The technology used by BellHawk Systems for most of its projects is typically based on the use of the BellHawk real-time rules-based data collection engine, the MilramX rules-based automated data exchange system, the Activation Framework real-time expert system, as well as techniques such as multi-level neural networks for deep reasoning, adaptive model-based reasoning and planning, clustering, and, where rapid decison making is required, the use of decision trees.
Because real-time AI systems have to make rapid decisions they tend to rely on multiple intercommunicating intelligent agents running on computers where the data resides. These may be complemented by IIOT (industrial Internet of Things) devices to capture and process critical real-time data.
Where data intensive processing, such as model based reasoning and planning, has to be performed in real-time then highly parallel "graphics" processors with Ai capabilities may be used.
Real-time AI systems process data in real-time, as it is created, to come up with immediately actionable information for people or to control automation equipment or processes.
Note that this is very different from most convetional AI projects where banks of high performance servers are used to process masses of historical data to try to glean some useful data.

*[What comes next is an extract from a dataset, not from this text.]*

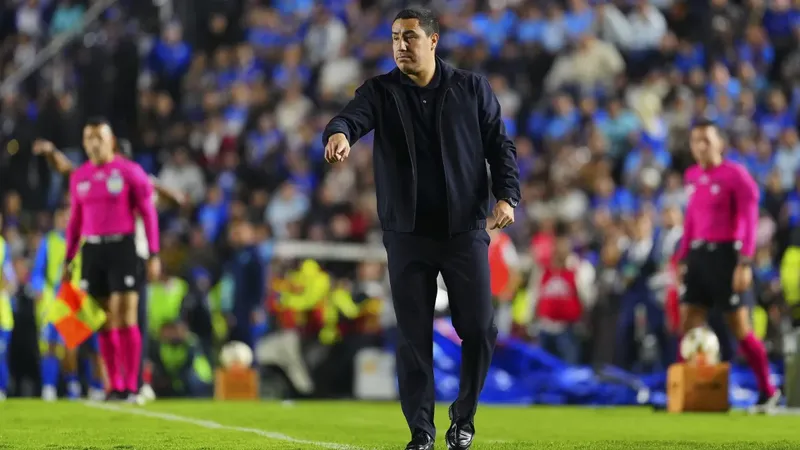 Efraín Juárez le atiza a Cruz Azul por sus quejas contra el arbitraje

An important part of this is to present inerfaces that provide immediately actionable information for people. This may be in the form of text-message alerts sent to a cell phone or a flashing red light on a dashboard.
A real-time AI system digests large amounts of data from many sources in real-time and then presents the result in such as way as to provide actionable information in a format that people, with their relatively slow cognitive abilities can quickly digest and act on.
At the same time, these systems need to be self-aware that they are dealing with limited "specific" information and that human beings have much broader "general" knowledge which may countermand the actions suggested by the AI system.